Autobiographical note concerning the roster: René and I were high school sweethearts. Our first bass player, Terry Gassaway, was a high school chum. Our first guitar player, Greg Kirkelie, was not only a high school chum, but a guitar player with whom we played in our very first band ever. Our first drummer, Sean, was a high school chum. Our second bass player, Allen Hunter, was a chum from our teen years with whom we played in our very first band ever. Stephen Westerhout and David Gilde are the only musicians on these early recordings that I did not know as a teen, but I met Steve in college and Dave a little later–we must have only been 27 or 28 when we met. It strikes me as important and kind of profound that I would be willing and happy to play music with any of these individuals again and still to this day continue to think of each of them as friends. Insert something wise here about musical soul mates and the long lasting friendship power of our earliest creative acquaintances. 

The Everything Is Here compendium closes out with our first kind-of-full-length album clocking in with 8 songs, “Wake,” and then another e.p. called “Life, Friends, is Boring,” after John Berryman’s “Dream Song 14.” While “Wake” was most powerfully influenced by the likes of Tears for Fears’ “Sowing the Seeds of Love,”  “Life, Friends” was our earliest foray into the heaviness that would become grunge. By 1992 we had all had our fill of Nirvana and Pearl Jam and the Red Hot Chilli Peppers. Cross all of that with our early new wave and prog rock influences and you’d have a pretty good idea about what we sounded like.

Out of these first four records came at least three tunes that would become emblematic of our quirky irreverence (is that a redundancy?) and, for better or worse, would become our most popular tunes early on: “I Am Not A Social Cracker,” “I’m Gonna Send You A Mail Bomb,” and most famously, now clocking in at over 3500 views on youtube, “Blue Refrigerator.” In 1987 we made a video for that tune, shelved it, showed it to no one, and then, on a whim, after digitizing our old tapes, decided to post it to youtube. The rest, as they say, is history.

During this whole era, from 86 to 92, we gigged like crazy. We gigged ourselves silly. We played everywhere for anyone. We opened up on many occasions for local heroes The Dan Reed Network. We exhausted the local scene. We were under the mistaken impression that the more we played the more likely we would be to “make it big.” What we probably should have done, but never quite had the courage to do, was tour. Finishing college, establishing careers, finding our way in a new marriage, the life of the road was just not in the cards and nobody was throwing money at us. We didn’t get famous, but we got pretty fucking good.
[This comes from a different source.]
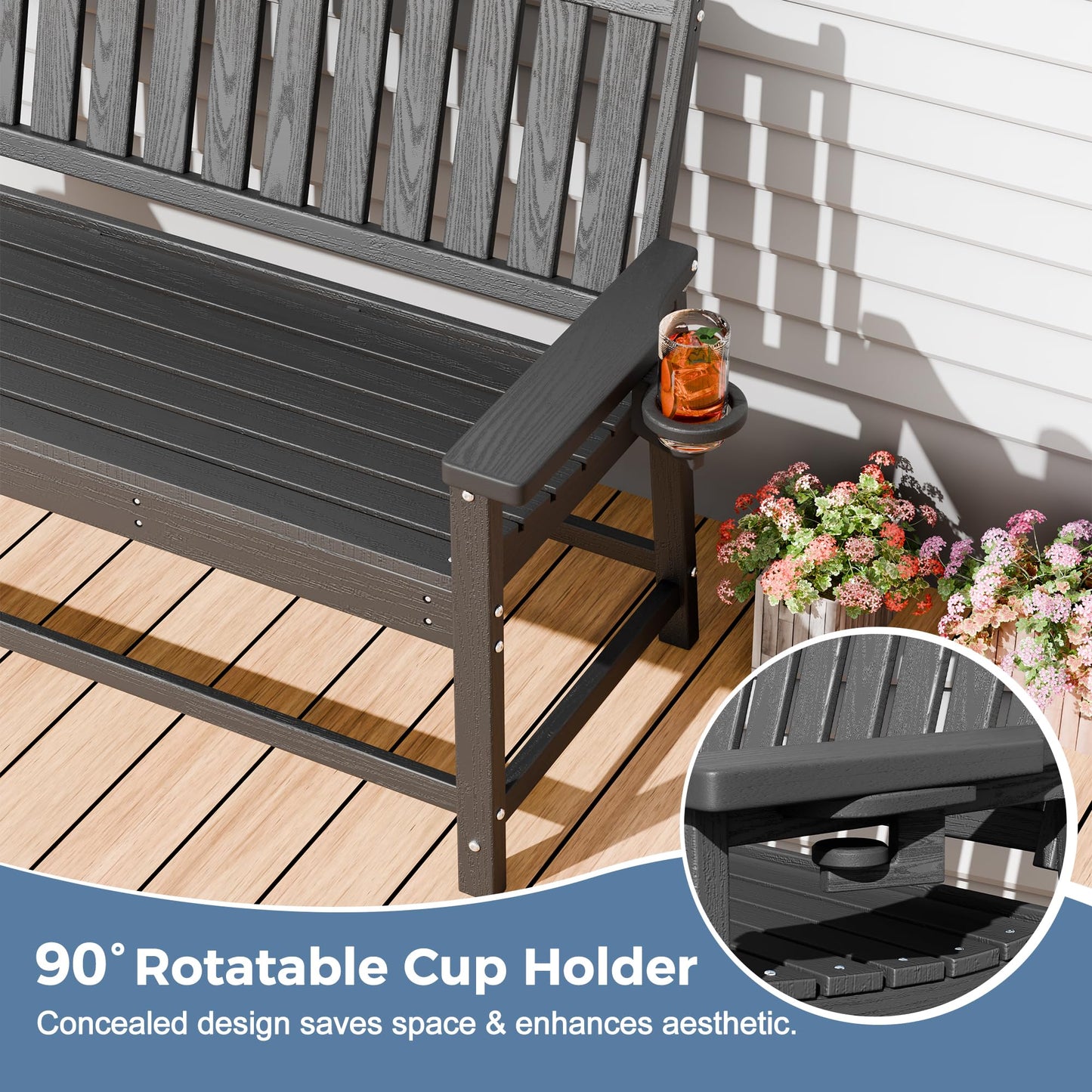 WACASA 48" Outdoor Bench, HDPE Weatherproof Porch Bench, 2-Person Garden Benches with 660 Lbs, Waterproof Patio Benches for Outside Balcony Deck Backyard, Grey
What’s most interesting to me, personally, about this collection is that it shows how fast and how wide our growth was in these first six years. I find it kind of impressive, enough so that 30 years after that first song was recorded, I felt the work deserved the attention and care of a remaster and a cd release.

I didn’t realize I’d get 1500 words out of that first CD. We may have to do this episodically, one record at a time. We may have to spend a lot of time on the letter H. I wasn’t finished with the other H-artist albums in the collection a year ago–I’ve still got Jerry Harrison, Robyn Hitchcock, Billy Holiday, and the Housemartins to explore!  Pre-new years New Year’s resolution: finish the Here Comes Everybody entries before the clock strikes 12 on December 31. Please don’t hold your breath.